1. Field of the Invention
The present invention relates to a battery charging controller and a portable electronic device which are configured to control battery charging in response to a charging-control signal sent from a CPU.
2. Description of the Related Art
A battery charging control LSI (a battery charging controller) has been known, which is configured to control battery charging in response to a charging-control signal sent from a central processing unit (CPU). By referring to FIGS. 1 and 2, an example of such a battery charging control LSI is described.
As shown in FIG. 1, a charging circuit 11 and a regulator 12 are provided to such a battery charging control LSI 4.
The charging circuit 11 is configured to be started upon detection of an insertion of an alternating current (AC) adapter (an application of an AC adapter voltage VAC), and then to send an adapter detection signal (an interrupt signal) for informing a CPU 1 of the detection of the insertion of the AC adapter.
Moreover, the charging circuit 11 is configured to switch on and off the AC adapter voltage VAC applied to a battery 2 by making an ON/OFF control of a pMOS transistor switch, in response to a charging-control signal sent from the CPU 1.
The regulator 12 is configured to be started upon detection of an insertion of the battery 2 (an application of a battery voltage VBAT), and then to start the CPU 1 by using an starting signal.
The CPU 1 is configured to be started upon detection of the starting signal sent from the regulator 12 (an application of a regulator voltage VREG).
Moreover, the CPU 1 is configured to be started upon detection of the above starting signal, and then to generate the above-described charging-control signal in response to the adapter detection signal sent from the charging circuit 11. Thereafter, the CPU 1 sends the thus generated signal to the charging circuit 11.
By referring to FIG. 2, descriptions will be provided for operations for controlling battery charging in a portable electronic device provided with a battery charging control LSI 4 as the one described above.

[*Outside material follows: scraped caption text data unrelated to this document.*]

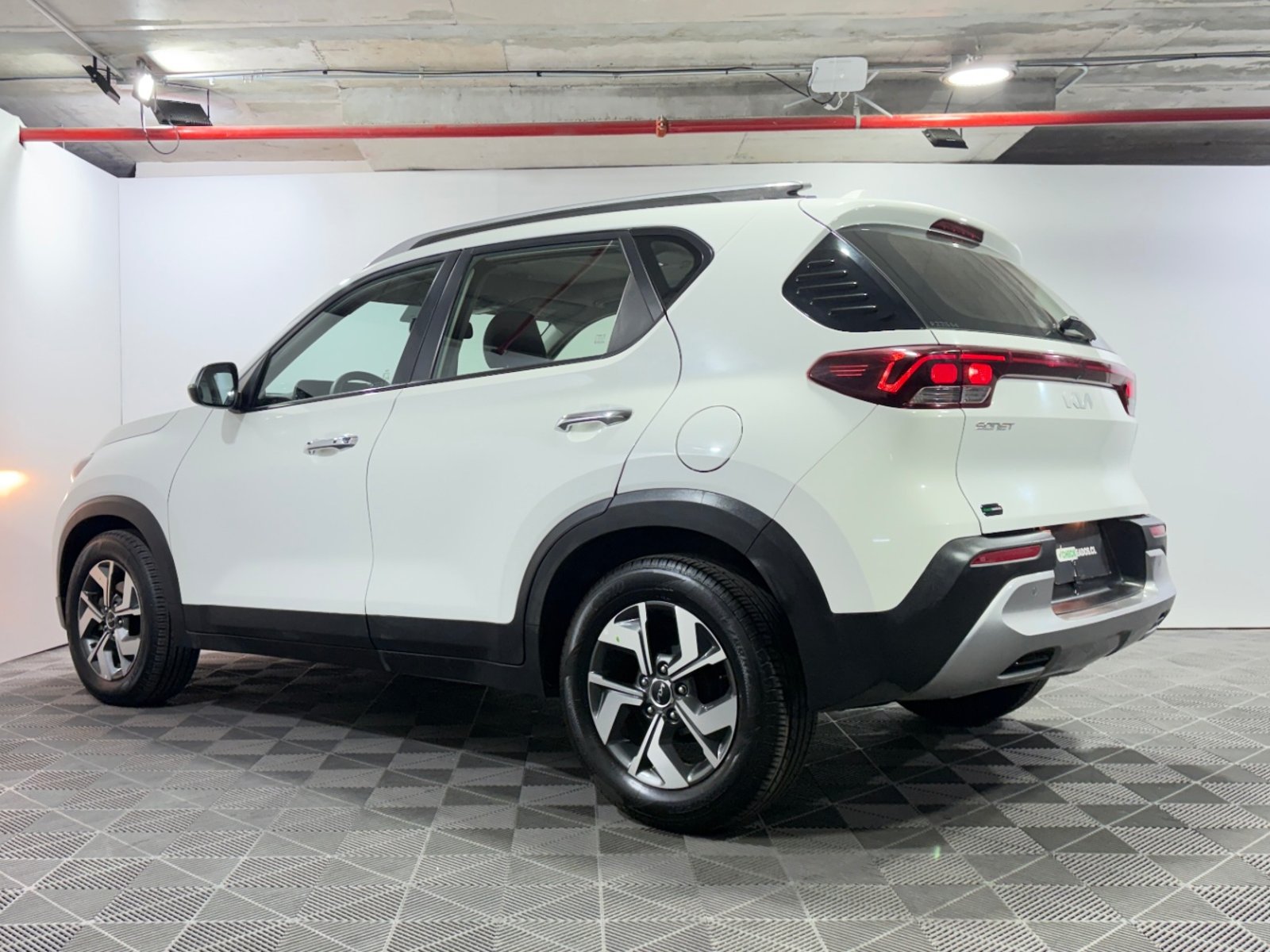 Kia SONET 2022 - Foto 5 de 15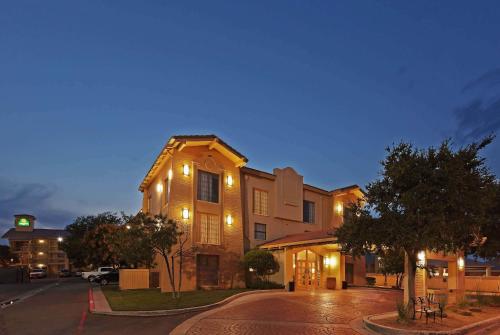 La Quinta Inn by Wyndham Amarillo West Medical Center - main image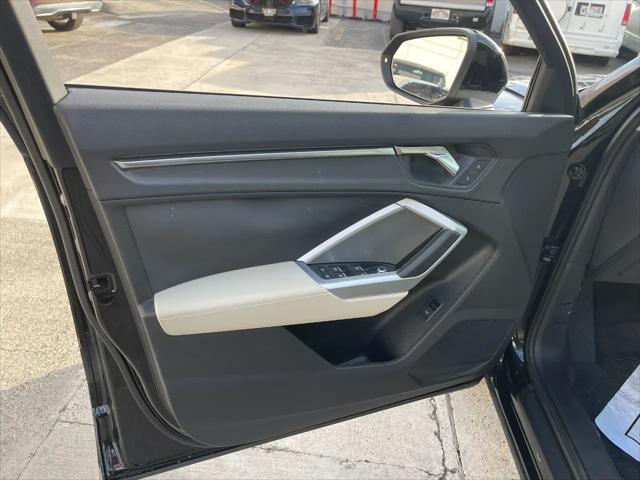 2020 Audi Q3 Premium 45 TFSI quattro Tiptronic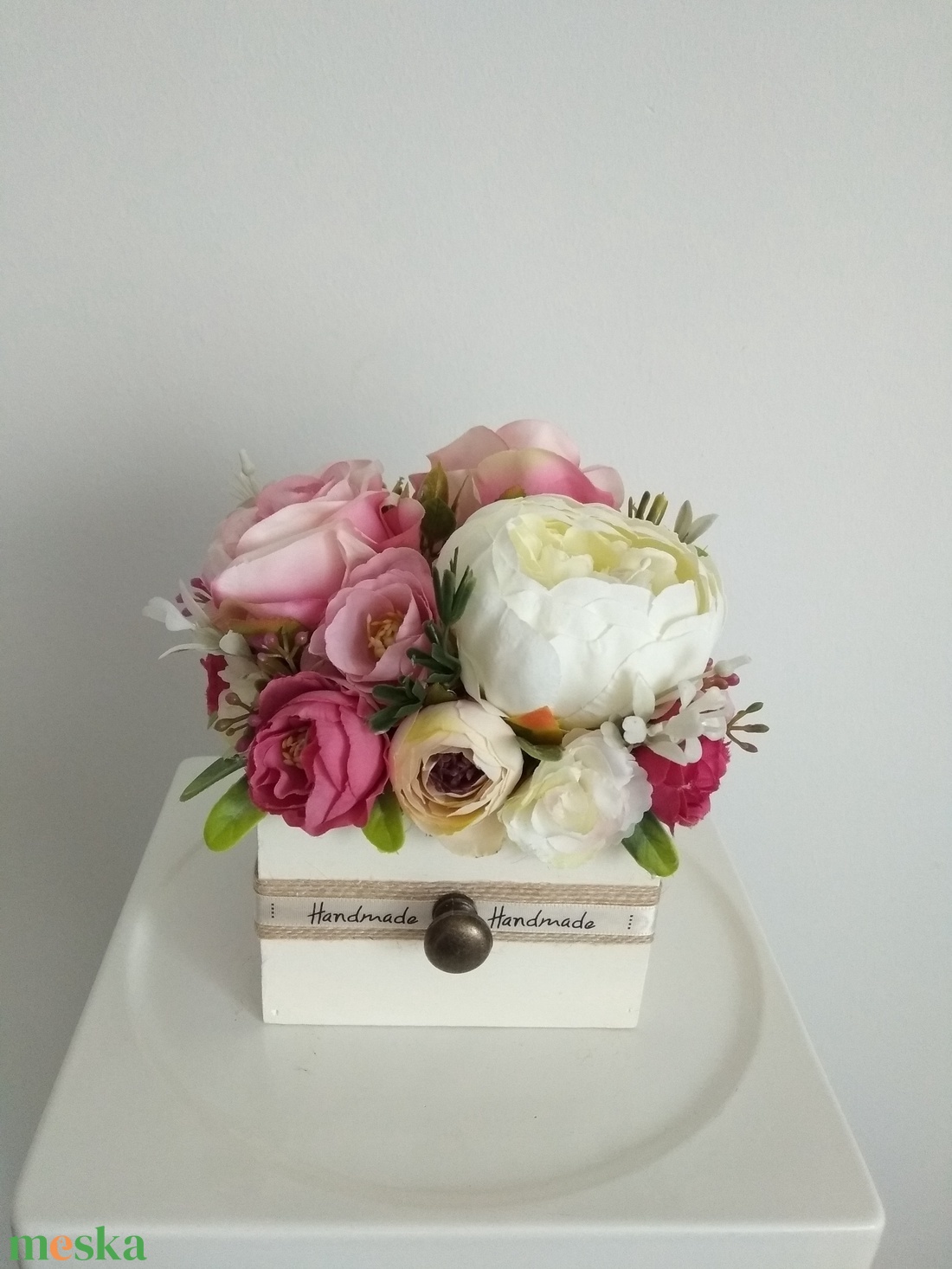 Virágbox / asztaldísz fa dobozban vintage bézs-barack árnyalatokkal  - otthon & lakás - dekoráció - virágdísz és tartó - virágbox, virágdoboz - Meska.hu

As shown in FIG. 2, when the regulator 12 detects the battery voltage VBAT in Step S201, i.e., when an insertion of the battery 2 is detected, the regulator 12 is started in Step S202.

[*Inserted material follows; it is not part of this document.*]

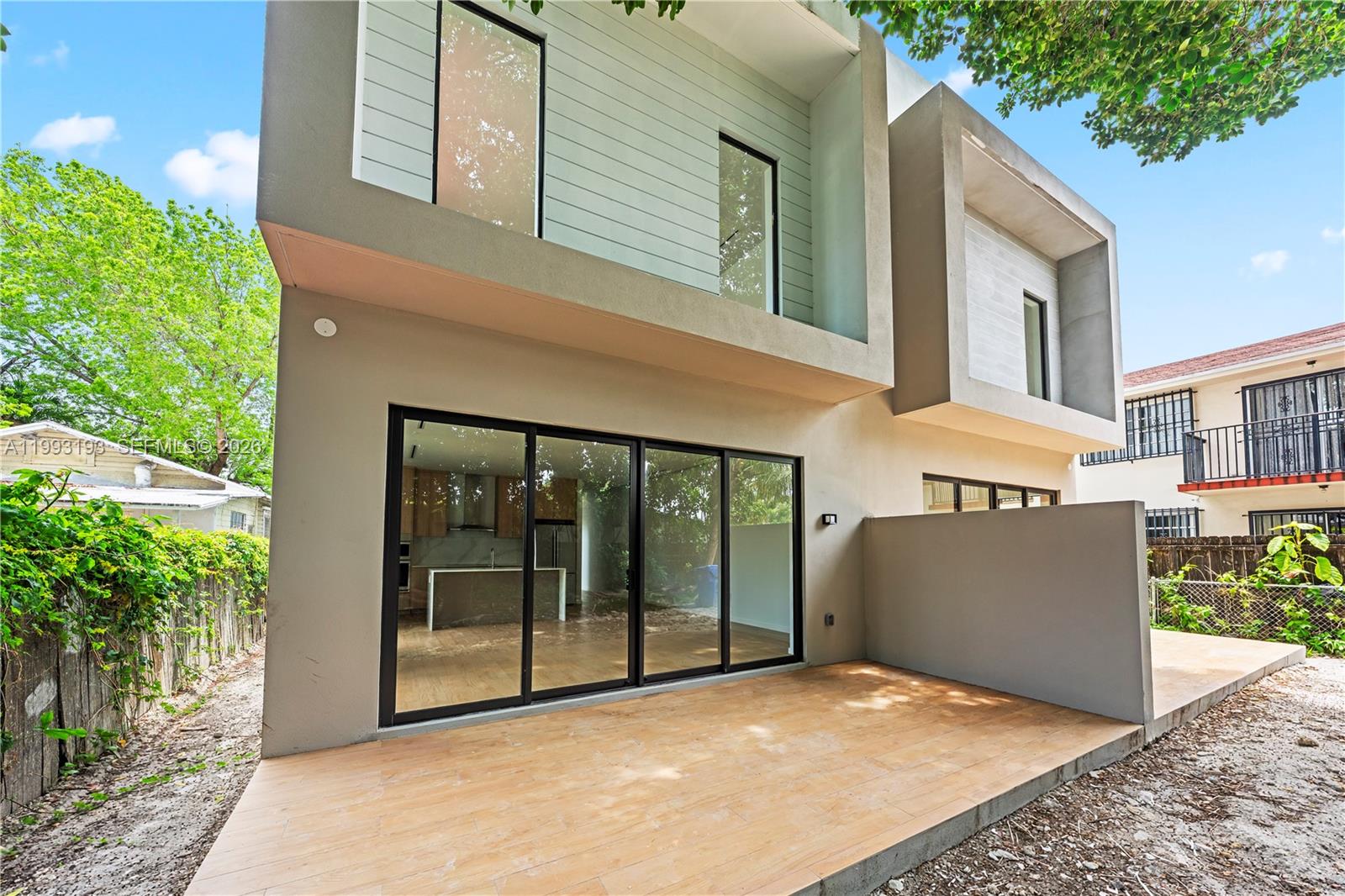 AMD PL OF MIAMI SUB ACRES - Residential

In Step S203, the regulator 12 starts the CPU 1 by using an starting signal.
Thereafter, when the charging circuit 11 detects an application of the AC adaptor voltage VAC in Step S204, i.e., when the insertion of the AC adapter is detected, the charging circuit 11 is started, and then sends, as an interrupt signal, an adaptor detection signal to the CPU 1, for informing the CPU 1 of an insertion of the AC adaptor.

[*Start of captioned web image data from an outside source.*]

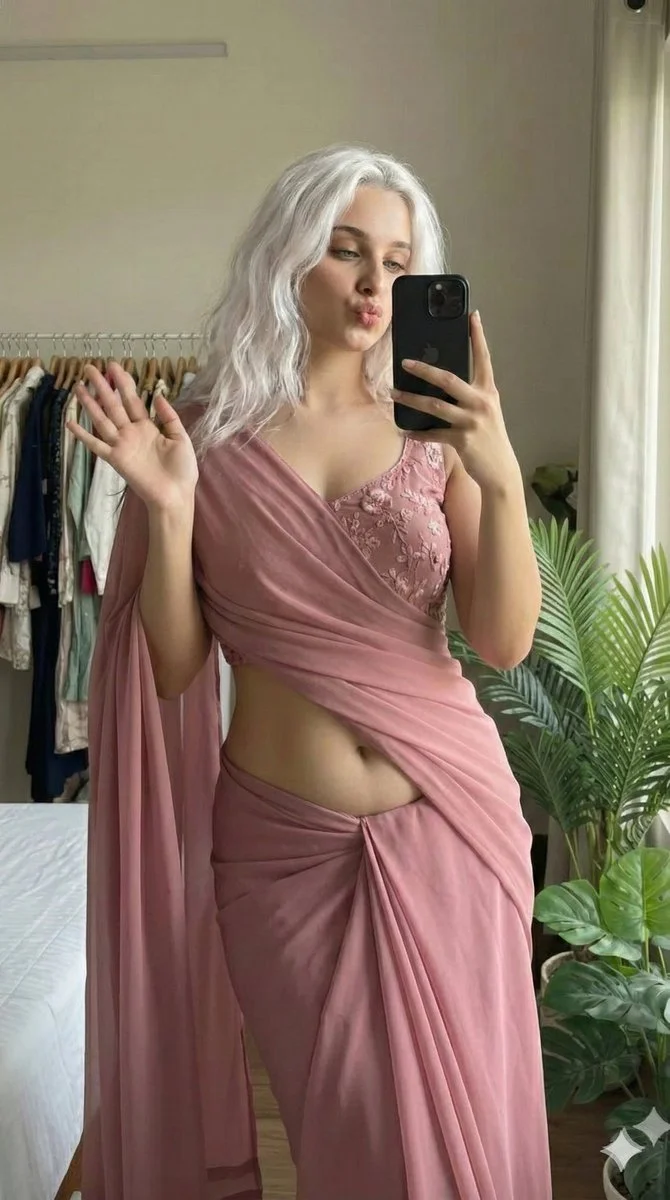 Chic Reflections: Modern Indian Elegance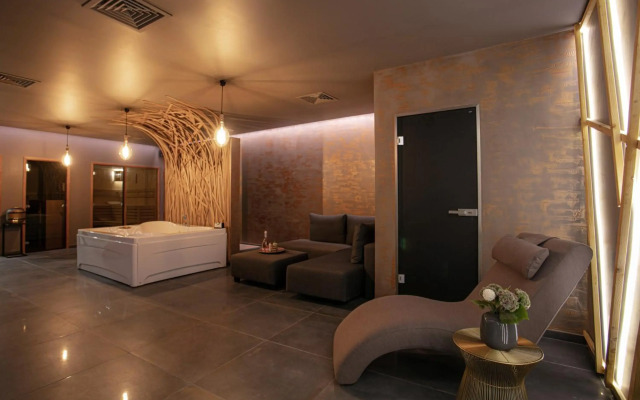 Reverence Hotel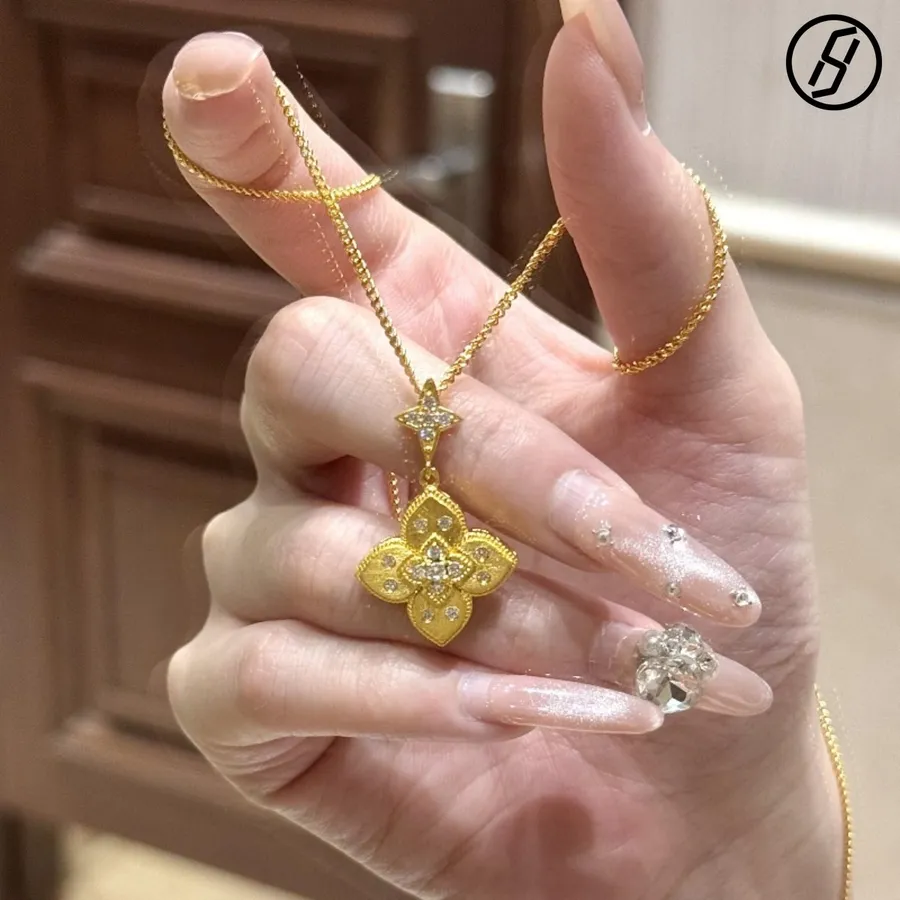 Four Leaf Clover Necklaces vs Other Lucky Charms: Are they REALLY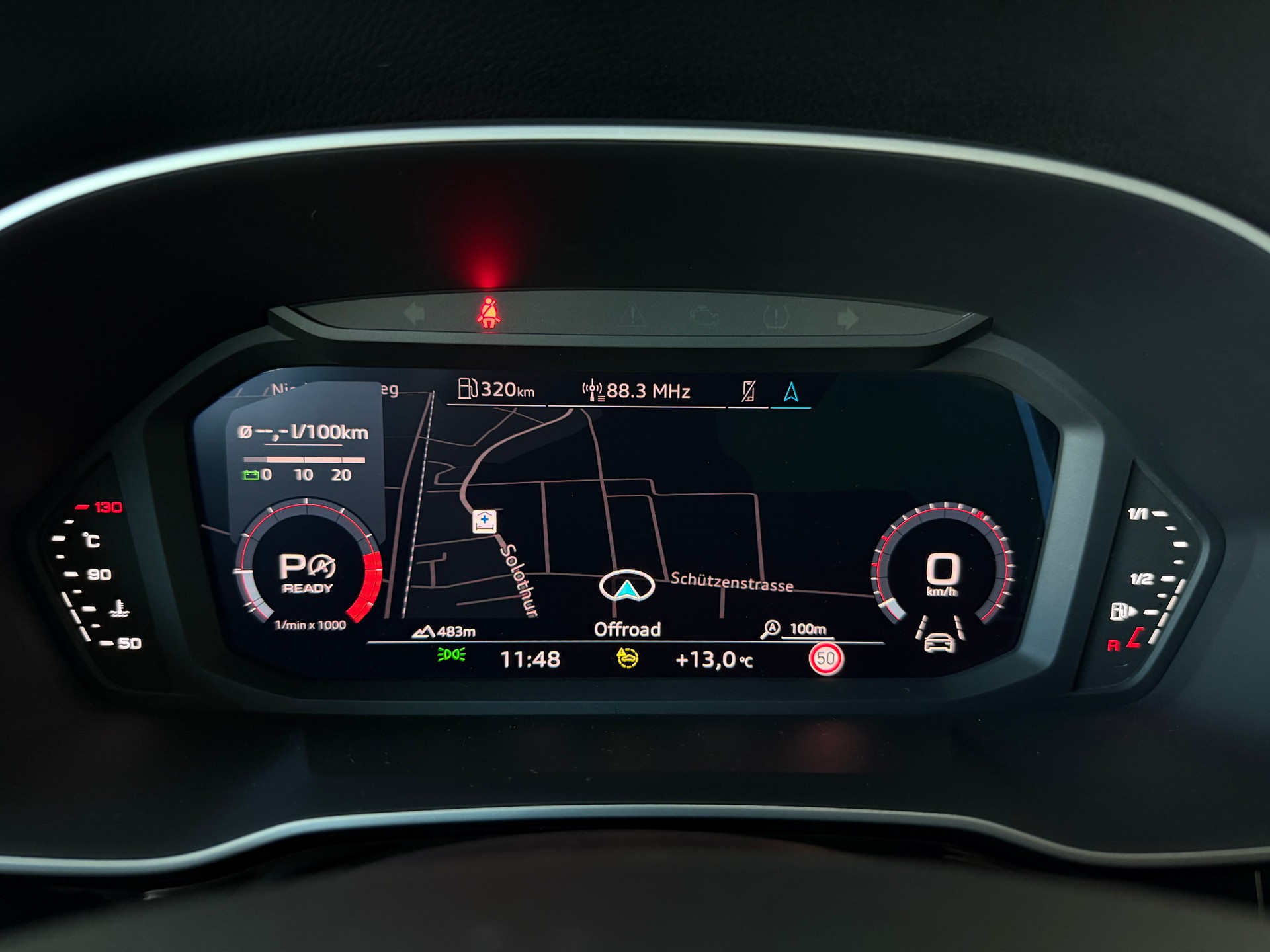 AUDI Q3 35 TFSI advanced Attraction S-tronic (CH)-image-9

When the CPU 1 detects, in Step S205, the adapter detection signal sent from the charging circuit 11, the CPU 1 generates, in Step S206, the above-described charging-control signal in response to the adaptor detection signal, and then sends the thus generated signal to the charging circuit 11.
Thereafter, the charging circuit 11 controls the charging of the battery 2 by making an ON/OFF control on the pMOS transistor switch in response to the charging-control signal received from the CPU 1.
However, in a case of the conventional battery charging control LSI 4, even when power is off and the AC adaptor is not inserted, the regulator 12 constantly operates by using the battery voltage VBAT and the CPU 1 also operates by using the regulator voltage, after the battery 2 is inserted. This state of the battery 2 produces a problem that the increased power consumption of the battery 2 shortens the battery duration.